_About this exercise_
Which lines in the records below contain the word "Mint"? Return each of them.

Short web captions

* * * * *

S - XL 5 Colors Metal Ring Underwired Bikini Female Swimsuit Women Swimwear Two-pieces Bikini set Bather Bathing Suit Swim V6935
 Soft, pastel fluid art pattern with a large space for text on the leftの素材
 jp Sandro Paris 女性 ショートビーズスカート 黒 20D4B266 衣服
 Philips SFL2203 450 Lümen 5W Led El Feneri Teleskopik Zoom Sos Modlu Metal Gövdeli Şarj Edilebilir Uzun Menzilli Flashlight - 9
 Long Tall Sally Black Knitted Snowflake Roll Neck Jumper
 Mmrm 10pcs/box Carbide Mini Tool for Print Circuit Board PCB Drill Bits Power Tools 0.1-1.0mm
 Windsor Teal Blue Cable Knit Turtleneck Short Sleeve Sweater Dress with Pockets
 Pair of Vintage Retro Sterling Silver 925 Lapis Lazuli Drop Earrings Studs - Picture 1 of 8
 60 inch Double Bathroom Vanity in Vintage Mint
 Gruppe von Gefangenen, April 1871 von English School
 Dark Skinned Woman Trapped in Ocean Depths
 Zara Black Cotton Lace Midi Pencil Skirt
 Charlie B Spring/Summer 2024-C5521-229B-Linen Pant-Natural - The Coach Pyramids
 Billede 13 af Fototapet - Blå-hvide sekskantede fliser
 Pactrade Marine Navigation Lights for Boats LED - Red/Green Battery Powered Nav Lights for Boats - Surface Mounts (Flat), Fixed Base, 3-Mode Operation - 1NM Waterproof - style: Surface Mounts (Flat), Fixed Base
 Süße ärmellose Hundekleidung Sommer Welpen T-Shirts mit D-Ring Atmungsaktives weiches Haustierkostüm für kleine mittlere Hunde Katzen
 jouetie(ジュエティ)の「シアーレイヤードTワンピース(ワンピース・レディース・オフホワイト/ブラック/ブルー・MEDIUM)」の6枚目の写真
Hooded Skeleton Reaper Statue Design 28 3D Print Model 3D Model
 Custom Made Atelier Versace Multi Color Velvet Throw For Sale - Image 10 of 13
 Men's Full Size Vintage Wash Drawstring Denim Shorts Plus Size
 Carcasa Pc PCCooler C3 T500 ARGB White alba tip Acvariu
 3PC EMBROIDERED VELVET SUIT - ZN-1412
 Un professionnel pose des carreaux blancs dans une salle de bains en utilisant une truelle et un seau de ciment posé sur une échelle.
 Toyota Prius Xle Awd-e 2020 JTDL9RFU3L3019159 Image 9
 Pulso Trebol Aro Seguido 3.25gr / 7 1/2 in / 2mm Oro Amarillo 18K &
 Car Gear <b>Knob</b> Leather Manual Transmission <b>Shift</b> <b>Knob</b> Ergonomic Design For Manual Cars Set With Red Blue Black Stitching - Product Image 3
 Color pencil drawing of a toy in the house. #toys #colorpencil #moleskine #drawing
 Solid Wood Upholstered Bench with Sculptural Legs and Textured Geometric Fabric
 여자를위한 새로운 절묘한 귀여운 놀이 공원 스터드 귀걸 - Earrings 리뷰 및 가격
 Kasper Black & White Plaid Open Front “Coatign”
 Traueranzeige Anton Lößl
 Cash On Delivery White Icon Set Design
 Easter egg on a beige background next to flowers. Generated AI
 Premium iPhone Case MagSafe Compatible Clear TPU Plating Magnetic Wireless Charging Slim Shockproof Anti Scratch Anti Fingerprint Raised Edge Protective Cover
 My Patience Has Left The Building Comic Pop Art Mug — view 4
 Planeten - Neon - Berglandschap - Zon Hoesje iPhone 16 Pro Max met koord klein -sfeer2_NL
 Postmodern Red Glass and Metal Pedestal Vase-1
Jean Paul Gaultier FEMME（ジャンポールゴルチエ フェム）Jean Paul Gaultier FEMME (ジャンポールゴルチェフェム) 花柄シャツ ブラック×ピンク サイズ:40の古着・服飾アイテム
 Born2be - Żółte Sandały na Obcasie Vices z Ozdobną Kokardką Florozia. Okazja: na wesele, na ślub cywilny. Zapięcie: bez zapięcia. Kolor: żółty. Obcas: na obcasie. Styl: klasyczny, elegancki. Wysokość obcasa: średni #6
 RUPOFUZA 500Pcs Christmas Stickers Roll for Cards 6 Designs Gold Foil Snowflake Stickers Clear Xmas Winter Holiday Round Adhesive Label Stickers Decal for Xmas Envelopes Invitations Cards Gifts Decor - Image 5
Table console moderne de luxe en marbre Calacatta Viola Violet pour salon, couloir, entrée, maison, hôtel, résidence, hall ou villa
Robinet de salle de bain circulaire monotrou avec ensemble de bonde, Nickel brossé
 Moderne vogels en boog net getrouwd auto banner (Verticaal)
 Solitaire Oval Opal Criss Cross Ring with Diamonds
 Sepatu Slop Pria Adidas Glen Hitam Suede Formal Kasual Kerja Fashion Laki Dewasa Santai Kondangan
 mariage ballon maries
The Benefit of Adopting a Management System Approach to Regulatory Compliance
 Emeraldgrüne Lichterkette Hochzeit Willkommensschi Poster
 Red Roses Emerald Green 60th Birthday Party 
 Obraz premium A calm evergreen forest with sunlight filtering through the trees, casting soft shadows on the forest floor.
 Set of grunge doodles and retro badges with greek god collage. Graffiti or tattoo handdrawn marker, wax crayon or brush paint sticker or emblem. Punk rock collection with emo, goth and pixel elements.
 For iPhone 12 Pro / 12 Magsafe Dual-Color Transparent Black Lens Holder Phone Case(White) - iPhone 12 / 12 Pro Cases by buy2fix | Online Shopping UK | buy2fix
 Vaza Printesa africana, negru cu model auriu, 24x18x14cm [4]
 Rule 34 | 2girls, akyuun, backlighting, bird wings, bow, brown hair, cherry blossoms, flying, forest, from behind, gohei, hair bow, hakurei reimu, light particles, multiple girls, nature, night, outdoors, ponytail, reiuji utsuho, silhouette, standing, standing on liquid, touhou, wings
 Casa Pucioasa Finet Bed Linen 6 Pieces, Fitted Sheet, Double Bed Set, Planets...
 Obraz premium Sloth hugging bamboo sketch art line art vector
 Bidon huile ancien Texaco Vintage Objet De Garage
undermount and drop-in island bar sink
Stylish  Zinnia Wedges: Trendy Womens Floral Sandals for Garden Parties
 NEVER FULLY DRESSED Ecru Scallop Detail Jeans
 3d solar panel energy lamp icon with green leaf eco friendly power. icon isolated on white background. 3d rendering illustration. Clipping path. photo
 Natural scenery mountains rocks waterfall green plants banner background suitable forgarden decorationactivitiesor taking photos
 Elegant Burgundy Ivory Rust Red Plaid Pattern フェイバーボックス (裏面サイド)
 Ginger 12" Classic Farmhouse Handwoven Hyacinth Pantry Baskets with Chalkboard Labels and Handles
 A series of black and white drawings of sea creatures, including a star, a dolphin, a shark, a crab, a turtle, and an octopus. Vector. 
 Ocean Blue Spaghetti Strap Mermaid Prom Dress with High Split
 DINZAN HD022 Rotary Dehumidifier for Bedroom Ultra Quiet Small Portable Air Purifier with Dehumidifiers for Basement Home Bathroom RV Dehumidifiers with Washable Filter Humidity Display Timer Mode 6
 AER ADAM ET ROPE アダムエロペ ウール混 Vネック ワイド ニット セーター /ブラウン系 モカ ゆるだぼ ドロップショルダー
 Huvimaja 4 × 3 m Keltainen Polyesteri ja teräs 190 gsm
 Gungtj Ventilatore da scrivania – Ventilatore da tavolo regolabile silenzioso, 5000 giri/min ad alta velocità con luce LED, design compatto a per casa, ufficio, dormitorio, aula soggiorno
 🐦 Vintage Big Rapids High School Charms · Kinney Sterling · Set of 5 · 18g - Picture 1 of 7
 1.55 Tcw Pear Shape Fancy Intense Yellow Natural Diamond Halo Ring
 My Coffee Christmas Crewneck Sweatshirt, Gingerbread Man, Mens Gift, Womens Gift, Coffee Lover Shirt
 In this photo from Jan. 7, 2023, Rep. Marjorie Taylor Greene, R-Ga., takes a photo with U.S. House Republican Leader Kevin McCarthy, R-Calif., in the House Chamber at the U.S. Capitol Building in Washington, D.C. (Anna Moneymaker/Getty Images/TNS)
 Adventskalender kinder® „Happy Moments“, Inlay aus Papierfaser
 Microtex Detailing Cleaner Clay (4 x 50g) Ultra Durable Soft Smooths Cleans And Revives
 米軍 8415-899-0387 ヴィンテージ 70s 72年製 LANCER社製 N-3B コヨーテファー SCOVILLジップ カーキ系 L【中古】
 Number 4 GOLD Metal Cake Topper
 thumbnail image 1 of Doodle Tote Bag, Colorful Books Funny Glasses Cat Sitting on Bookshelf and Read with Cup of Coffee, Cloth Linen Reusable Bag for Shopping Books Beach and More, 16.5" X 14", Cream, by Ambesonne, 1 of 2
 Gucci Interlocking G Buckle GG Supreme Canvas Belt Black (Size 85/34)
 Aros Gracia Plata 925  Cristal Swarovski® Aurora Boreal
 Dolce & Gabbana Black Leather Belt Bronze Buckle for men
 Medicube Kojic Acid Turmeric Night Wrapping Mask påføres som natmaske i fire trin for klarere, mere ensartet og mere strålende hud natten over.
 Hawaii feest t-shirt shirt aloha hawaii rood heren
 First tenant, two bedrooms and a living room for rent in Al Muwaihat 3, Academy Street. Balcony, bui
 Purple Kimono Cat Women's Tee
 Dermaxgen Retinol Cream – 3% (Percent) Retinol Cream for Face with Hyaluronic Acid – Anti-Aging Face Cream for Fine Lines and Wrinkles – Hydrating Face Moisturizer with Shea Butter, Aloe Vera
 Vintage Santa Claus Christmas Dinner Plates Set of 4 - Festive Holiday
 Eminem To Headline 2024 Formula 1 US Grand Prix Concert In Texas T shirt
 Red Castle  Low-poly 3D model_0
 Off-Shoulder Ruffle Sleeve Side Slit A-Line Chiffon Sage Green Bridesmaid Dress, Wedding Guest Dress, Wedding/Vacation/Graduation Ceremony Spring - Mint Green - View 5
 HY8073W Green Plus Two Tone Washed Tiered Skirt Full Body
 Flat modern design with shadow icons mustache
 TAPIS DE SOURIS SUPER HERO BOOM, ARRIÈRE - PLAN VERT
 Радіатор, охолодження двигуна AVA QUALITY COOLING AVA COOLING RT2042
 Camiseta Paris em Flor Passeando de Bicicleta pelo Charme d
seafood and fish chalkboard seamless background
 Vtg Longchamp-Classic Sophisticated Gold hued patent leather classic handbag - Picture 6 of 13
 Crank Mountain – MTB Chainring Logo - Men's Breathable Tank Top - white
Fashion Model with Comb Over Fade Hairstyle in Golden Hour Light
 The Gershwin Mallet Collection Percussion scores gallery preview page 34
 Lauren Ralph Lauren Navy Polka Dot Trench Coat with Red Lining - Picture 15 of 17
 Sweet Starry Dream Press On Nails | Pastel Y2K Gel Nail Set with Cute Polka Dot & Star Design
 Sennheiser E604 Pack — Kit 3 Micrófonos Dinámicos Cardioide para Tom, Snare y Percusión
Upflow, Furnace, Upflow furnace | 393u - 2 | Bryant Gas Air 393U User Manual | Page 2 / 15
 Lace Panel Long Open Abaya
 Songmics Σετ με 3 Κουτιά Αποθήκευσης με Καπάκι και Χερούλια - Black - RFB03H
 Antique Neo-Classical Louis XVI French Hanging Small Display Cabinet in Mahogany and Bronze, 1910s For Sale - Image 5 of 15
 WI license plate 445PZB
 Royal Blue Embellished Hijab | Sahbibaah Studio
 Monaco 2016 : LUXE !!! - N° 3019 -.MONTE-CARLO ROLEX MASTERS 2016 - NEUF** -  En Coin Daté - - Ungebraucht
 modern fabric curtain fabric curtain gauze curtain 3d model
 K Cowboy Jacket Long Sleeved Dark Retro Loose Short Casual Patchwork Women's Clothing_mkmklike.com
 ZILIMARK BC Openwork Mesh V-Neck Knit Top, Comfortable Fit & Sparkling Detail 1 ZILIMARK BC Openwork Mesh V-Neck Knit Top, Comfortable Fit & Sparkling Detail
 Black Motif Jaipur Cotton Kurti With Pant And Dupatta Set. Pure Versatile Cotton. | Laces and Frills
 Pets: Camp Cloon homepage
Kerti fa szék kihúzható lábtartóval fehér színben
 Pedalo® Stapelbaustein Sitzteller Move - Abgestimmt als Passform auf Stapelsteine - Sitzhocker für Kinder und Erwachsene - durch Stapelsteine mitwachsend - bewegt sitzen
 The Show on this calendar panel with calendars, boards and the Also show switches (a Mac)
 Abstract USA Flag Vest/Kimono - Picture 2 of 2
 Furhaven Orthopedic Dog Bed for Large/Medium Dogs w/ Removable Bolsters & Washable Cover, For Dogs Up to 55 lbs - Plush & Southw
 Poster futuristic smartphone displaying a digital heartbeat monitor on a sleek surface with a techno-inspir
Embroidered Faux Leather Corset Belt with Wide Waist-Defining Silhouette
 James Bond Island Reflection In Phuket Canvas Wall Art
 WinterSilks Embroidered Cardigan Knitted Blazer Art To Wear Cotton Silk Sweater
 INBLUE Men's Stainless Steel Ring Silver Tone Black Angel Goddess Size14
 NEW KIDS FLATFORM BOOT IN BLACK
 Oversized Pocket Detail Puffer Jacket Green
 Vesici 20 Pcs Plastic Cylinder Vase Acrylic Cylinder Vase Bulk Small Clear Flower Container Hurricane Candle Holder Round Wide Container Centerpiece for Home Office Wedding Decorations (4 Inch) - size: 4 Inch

* * * * *

_Answer space_
 60 inch Double Bathroom Vanity in Vintage Mint
 Off-Shoulder Ruffle Sleeve Side Slit A-Line Chiffon Sage Green Bridesmaid Dress, Wedding Guest Dress, Wedding/Vacation/Graduation Ceremony Spring - Mint Green - View 5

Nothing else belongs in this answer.